■ WORK TO COMPLETE
For each line of the data below, copy it if it holds the word "Black".

■ AVAILABLE DATA
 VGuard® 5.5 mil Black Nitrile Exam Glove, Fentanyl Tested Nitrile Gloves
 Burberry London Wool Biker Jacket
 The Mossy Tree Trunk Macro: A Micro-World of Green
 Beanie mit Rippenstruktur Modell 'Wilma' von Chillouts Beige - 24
* * *
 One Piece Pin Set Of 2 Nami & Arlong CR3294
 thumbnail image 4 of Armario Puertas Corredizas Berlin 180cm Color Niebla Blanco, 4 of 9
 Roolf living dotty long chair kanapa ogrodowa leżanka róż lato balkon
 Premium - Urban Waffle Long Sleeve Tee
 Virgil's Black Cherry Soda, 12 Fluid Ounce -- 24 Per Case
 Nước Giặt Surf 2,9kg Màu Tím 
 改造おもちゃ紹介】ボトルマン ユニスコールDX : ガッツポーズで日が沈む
* * *
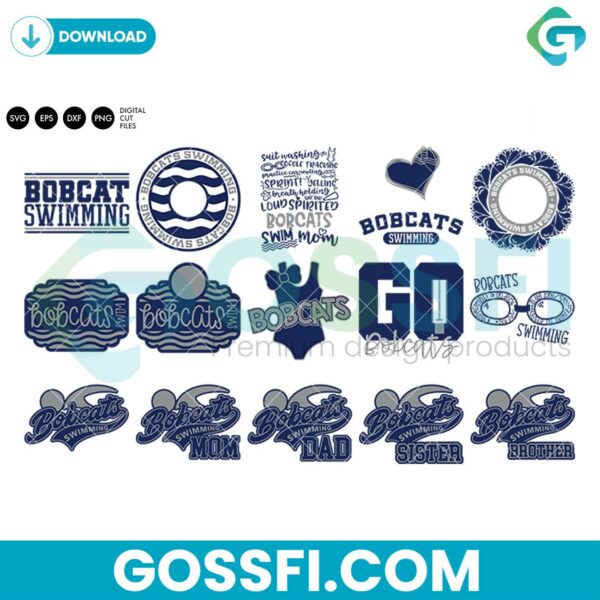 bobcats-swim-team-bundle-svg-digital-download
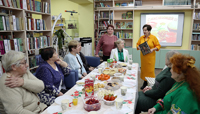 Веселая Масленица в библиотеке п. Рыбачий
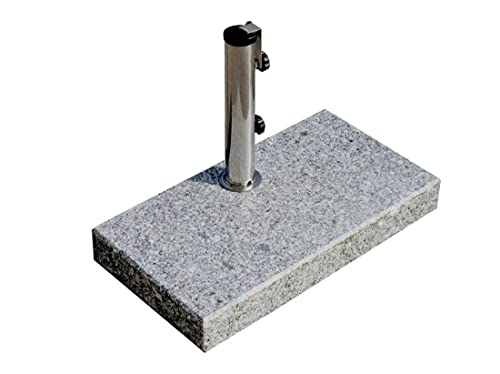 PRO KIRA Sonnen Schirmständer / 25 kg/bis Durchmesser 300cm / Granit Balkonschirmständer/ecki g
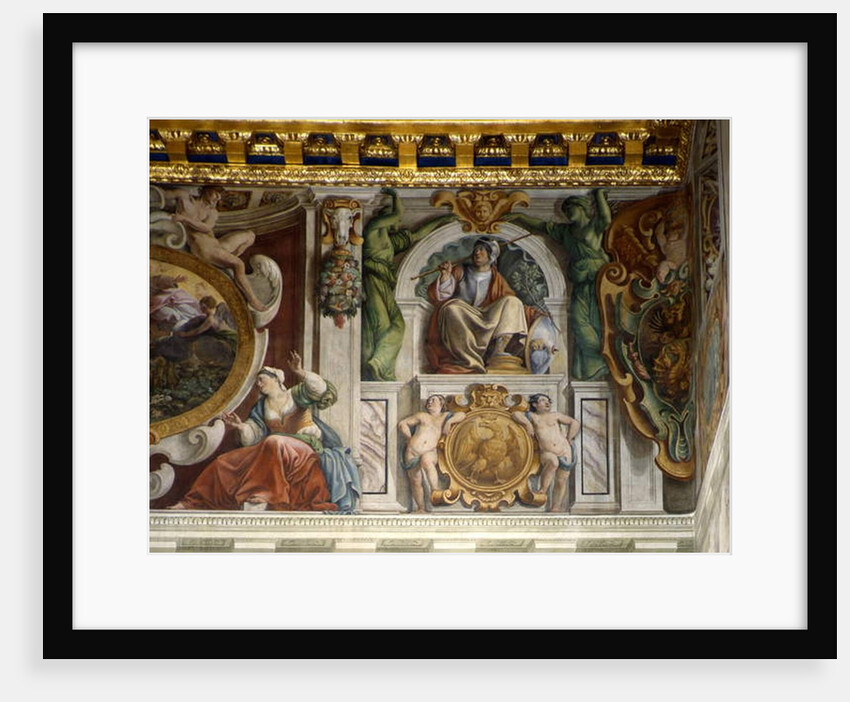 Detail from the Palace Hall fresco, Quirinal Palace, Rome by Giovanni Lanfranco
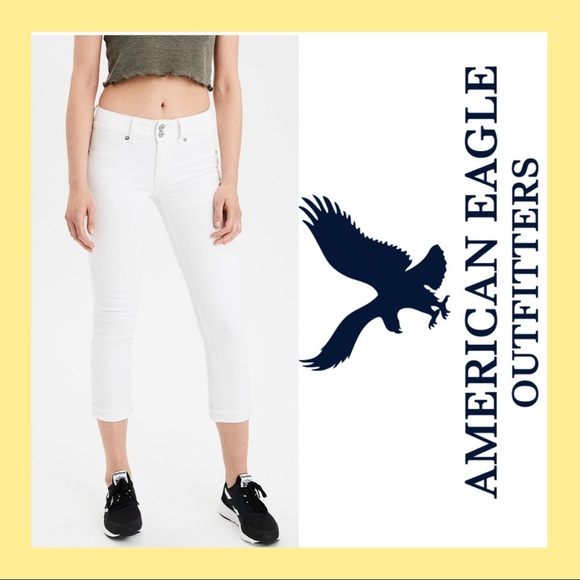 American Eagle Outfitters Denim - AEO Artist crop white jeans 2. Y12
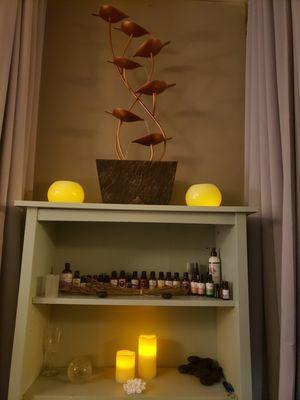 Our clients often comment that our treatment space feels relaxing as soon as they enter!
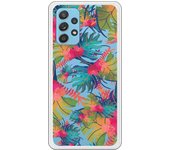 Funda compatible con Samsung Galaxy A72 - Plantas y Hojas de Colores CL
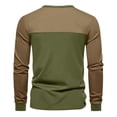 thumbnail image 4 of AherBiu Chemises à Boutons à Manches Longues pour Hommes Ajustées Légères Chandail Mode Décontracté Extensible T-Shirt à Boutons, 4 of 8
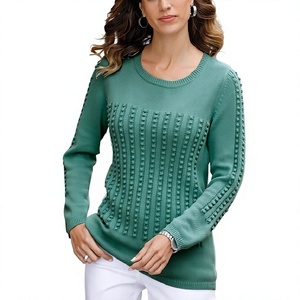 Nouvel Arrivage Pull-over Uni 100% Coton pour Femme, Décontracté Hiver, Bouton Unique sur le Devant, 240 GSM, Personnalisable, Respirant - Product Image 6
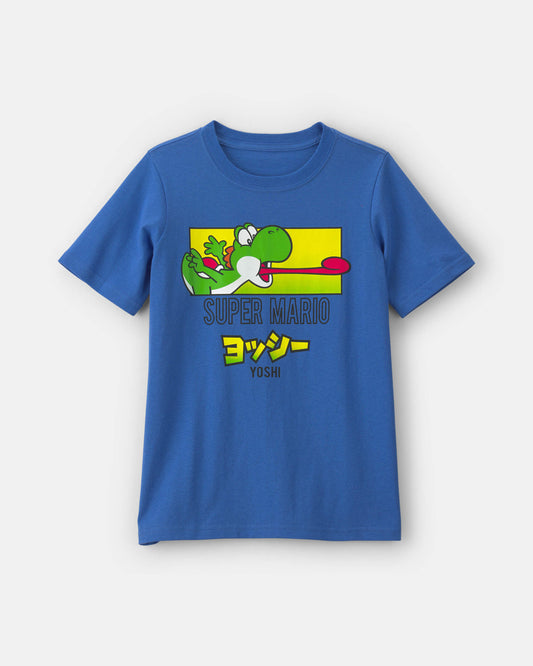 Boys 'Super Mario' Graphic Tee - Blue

■ REPLY
 VGuard® 5.5 mil Black Nitrile Exam Glove, Fentanyl Tested Nitrile Gloves
 Virgil's Black Cherry Soda, 12 Fluid Ounce -- 24 Per Case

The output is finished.